As the Conservatives – AKA The Party of the Rich – prepare for their annual conference in Birmingham, British people are realising in greater number than ever before just how little the elite politicians care about ordinary citizens.
An example of this can be seen in how the Tories are aiming to allow the mainsteam communications media to continue to self-regulate, even as the scandal of phone-hacking is still being investigated, and police are still in the process of questioning and charging possible criminal suspects.
It is exactly the same with the financial crisis: the failed and disgraced bankers and financiers are close friends, colleagues and relatives of members of the Tory Party – that is why there have been no arrests stemming from the actions leading to the world recession.
Those close to the corridors of power suggest this is because the politicians know that it will be easier to sneak this lack of statutory regulation through before any high profile sentences are passed against the Prime Minister’s former media secretary, Andy Coulson, and close friend Rebekah Brooks.
Hacked Off said it was concerned by comments made by Tory ministers.

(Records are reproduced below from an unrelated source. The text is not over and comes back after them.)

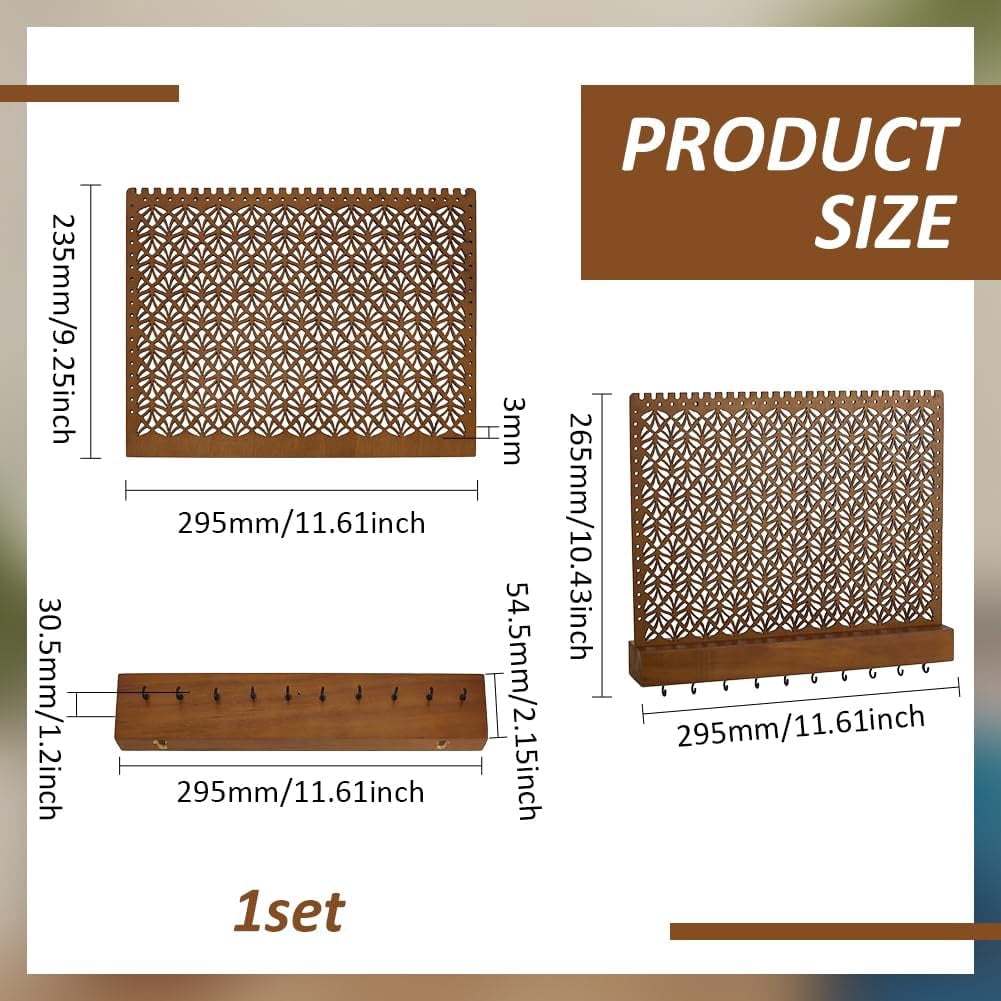 Wood Wall-Mounted Jewelry Hanging Racks Saddle Brown Jewelry Holder with Hanger Hooks Wooden Wall Hanging Organizer
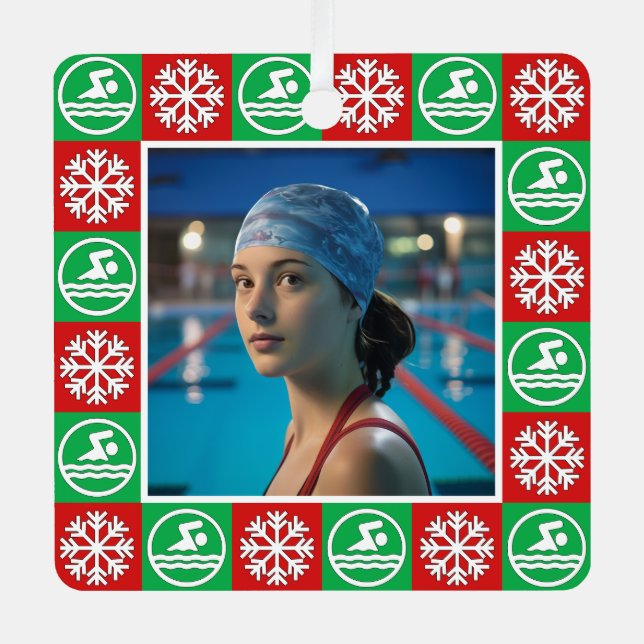 Swimming Diving Swimmer Custom Photo Christmas Metal Tree Decoration (Front)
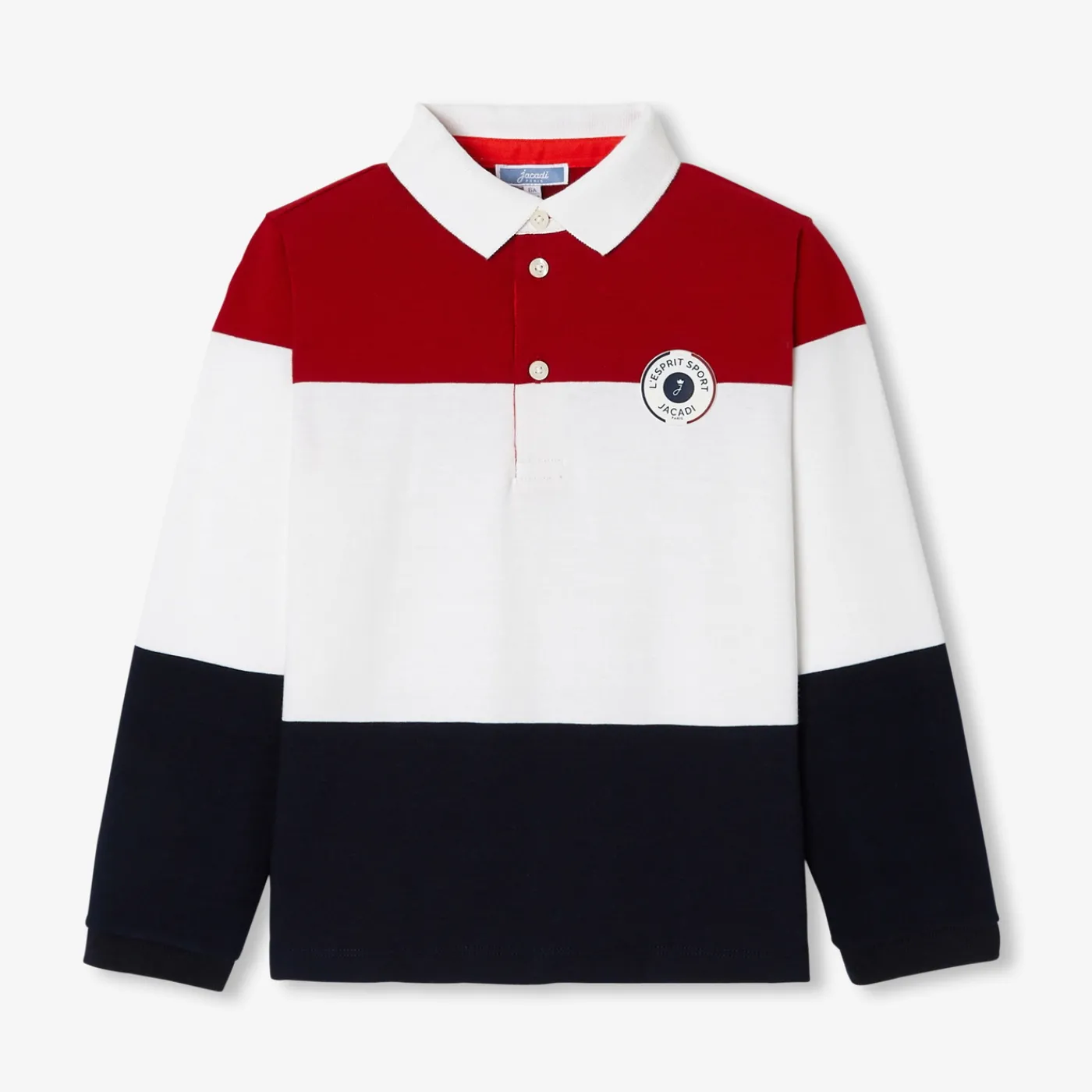 T-Shirts And Polo Shirts-Jacadi Boy long-sleeved polo Red/Multicolout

Appearing before the inquiry, the education secretary, Michael Gove, argued against the statutory regulation of the press and urged Leveson to “consider carefully” his proposals.
Theresa May, home secretary, has given a warning on possible “unintended consequences” if self-regulation were scrapped. Gove, of course, formerly worked for Murdoch’s News International, a subsidary of News Corp.
On 5 July 2011 in partnership with Professor Brian Cathcart and other concerned individuals, the Media Standards Trust formed the “Hacked Off” campaign.
The Media Standards Trust was formed in 2006 to address concerns of a deterioration in journalistic standards at a time when the media were becoming enormously powerful while remaining largely opaque and unaccountable.